Most of the objects with high residuals are those that have few Gaia matches. Do they also have few astrometric calibrators?

In [None]:
if np.sum(ufilt) > 0:
    plt.plot(n_calib_astrom[ufilt], medAstromOffsets[ufilt], '.', ms=15, color='Teal', label='HSC-U')
if np.sum(gfilt) > 0:
    plt.plot(n_calib_astrom[gfilt], medAstromOffsets[gfilt], '.', ms=15, color='Green', label='HSC-G')
if np.sum(rfilt) > 0:
    plt.plot(n_calib_astrom[rfilt], medAstromOffsets[rfilt], '.', ms=15, color='Goldenrod', label='HSC-R')
if np.sum(ifilt) > 0:
    plt.plot(n_calib_astrom[ifilt], medAstromOffsets[ifilt], '.', ms=15, color='Red', label='HSC-I')
if np.sum(zfilt) > 0:
    plt.plot(n_calib_astrom[zfilt], medAstromOffsets[zfilt], '.', ms=15, color='Sienna', label='HSC-Z')
if np.sum(yfilt) > 0:
    plt.plot(n_calib_astrom[yfilt], medAstromOffsets[yfilt], '.', ms=15, color='Black', label='HSC-Y')
#plt.plot(n_calib_astrom, medAstromOffsets, 'k.', ms=15)
plt.xlabel('number of astrometric calibrators')
plt.ylabel('median astrometric residual (mas)')
plt.hlines(astrometricAccuracy, 0, 1000, linestyle='dashed', label='Requirement')
plt.hlines(med_offset, 0, 1000, linestyle='dotted', linewidth=3, color='red', label='median: '+f'{med_offset:6.2F} mas')
plt.xlim(0,np.max(n_calib_astrom)*1.1)
if np.max(medAstromOffsets) > astrometricAccuracy:
    maxy = np.max(medAstromOffsets)*1.1
else:
    maxy = 1.3*astrometricAccuracy
plt.ylim(0, maxy)
plt.legend()
plt.minorticks_on()
plt.show()

In fact, it seems that many of the fields with large residuals have large numbers of calibrators (and _all_ have > 50).

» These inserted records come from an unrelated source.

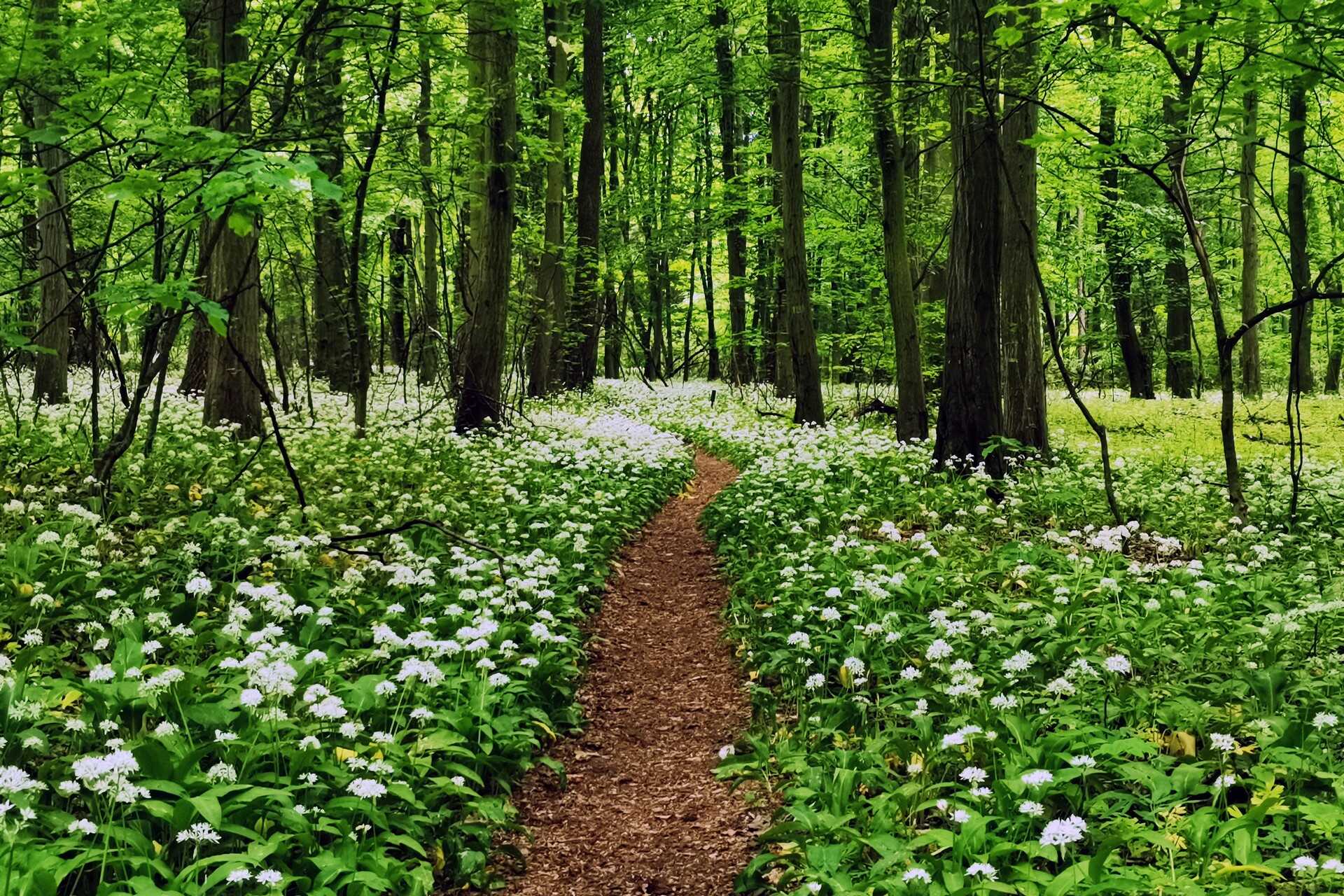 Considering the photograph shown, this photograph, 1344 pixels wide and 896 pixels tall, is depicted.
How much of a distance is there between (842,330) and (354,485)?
2016cm

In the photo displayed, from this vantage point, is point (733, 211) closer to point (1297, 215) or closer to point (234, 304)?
point (1297, 215)

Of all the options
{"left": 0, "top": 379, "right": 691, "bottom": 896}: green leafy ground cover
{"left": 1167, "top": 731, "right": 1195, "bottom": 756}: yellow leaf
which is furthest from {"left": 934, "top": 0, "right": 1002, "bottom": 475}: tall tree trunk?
{"left": 1167, "top": 731, "right": 1195, "bottom": 756}: yellow leaf

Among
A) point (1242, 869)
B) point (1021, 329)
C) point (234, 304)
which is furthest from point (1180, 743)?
point (234, 304)

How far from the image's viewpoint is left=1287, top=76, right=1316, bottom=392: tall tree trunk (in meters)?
6.82

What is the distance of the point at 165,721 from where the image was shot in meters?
3.68

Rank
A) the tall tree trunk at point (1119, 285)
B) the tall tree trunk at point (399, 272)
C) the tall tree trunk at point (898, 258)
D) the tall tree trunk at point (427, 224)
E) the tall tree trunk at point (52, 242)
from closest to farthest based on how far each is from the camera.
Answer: the tall tree trunk at point (52, 242)
the tall tree trunk at point (427, 224)
the tall tree trunk at point (898, 258)
the tall tree trunk at point (399, 272)
the tall tree trunk at point (1119, 285)

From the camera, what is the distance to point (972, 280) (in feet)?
32.2

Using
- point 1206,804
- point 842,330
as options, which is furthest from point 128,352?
point 1206,804

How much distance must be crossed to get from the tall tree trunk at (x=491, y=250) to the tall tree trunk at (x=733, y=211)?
723 cm

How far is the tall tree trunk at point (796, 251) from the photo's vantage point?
588 inches

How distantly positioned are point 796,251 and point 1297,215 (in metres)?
7.74

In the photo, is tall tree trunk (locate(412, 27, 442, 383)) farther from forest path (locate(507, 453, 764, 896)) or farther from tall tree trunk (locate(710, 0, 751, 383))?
tall tree trunk (locate(710, 0, 751, 383))

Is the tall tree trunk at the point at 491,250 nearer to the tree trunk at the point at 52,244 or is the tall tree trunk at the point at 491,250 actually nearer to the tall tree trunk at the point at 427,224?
the tall tree trunk at the point at 427,224

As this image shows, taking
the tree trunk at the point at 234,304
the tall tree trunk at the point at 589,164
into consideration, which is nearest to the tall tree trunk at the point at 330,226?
the tree trunk at the point at 234,304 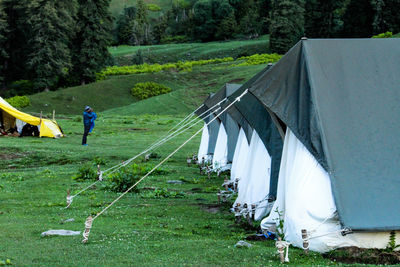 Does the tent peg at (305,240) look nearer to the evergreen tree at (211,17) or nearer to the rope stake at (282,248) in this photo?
the rope stake at (282,248)

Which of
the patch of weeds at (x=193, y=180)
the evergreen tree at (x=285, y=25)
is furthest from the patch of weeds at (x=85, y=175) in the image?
the evergreen tree at (x=285, y=25)

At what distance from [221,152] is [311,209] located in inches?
459

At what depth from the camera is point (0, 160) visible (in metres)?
21.9

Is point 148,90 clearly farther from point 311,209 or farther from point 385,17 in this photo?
point 311,209

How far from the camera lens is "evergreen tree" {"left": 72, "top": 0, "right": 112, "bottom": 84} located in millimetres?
66688

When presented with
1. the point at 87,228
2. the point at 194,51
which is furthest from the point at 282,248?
the point at 194,51

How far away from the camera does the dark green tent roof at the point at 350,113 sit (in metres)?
8.41

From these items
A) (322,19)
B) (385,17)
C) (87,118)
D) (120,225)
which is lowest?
(87,118)

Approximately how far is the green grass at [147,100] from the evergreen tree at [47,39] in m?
3.00

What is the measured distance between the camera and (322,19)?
88.8 metres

Furthermore, there seem to be too few Gaia matches per CCD to be able to split them into smaller spatial regions. 

#### What is the median magnitude of sources that contributed to the astrometric solution?

In [None]:
# Just to try to understand the previous two plots, check the median mag of astrometric calibrators:
if np.sum(ufilt) > 0:
    plt.plot(med_mag_astrom[ufilt], medAstromOffsets[ufilt], '.', ms=15, color='Teal', label='HSC-U')
if np.sum(gfilt) > 0:
    plt.plot(med_mag_astrom[gfilt], medAstromOffsets[gfilt], '.', ms=15, color='Green', label='HSC-G')
if np.sum(rfilt) > 0:
    plt.plot(med_mag_astrom[rfilt], medAstromOffsets[rfilt], '.', ms=15, color='Goldenrod', label='HSC-R')
if np.sum(ifilt) > 0:
    plt.plot(med_mag_astrom[ifilt], medAstromOffsets[ifilt], '.', ms=15, color='Red', label='HSC-I')
if np.sum(zfilt) > 0:
    plt.plot(med_mag_astrom[zfilt], medAstromOffsets[zfilt], '.', ms=15, color='Sienna', label='HSC-Z')
if np.sum(yfilt) > 0:
    plt.plot(med_mag_astrom[yfilt], medAstromOffsets[yfilt], '.', ms=15, color='Black', label='HSC-Y')
#plt.plot(med_mag_astrom, medAstromOffsets, 'k.', ms=15)
plt.xlabel('median mag of astrometric calibrators')
plt.ylabel('median astrometric residual (mas)')
plt.hlines(astrometricAccuracy, 0, 1000, linestyle='dashed', label='Requirement')
plt.hlines(med_offset, 0, 100, linestyle='dotted', linewidth=3, color='red', label='median: '+f'{med_offset:6.2F} mas')
plt.xlim(np.min(med_mag_astrom)*0.95,np.max(med_mag_astrom)*1.05)
plt.ylim(0,np.max(medAstromOffsets)*1.1)
plt.legend()
plt.minorticks_on()
plt.show()

It seems that many of the fields with large astrometric residuals when compared to Gaia were calibrated using faint stars. These may be deep exposures, so that many Gaia objects saturate, or some other similar effect. 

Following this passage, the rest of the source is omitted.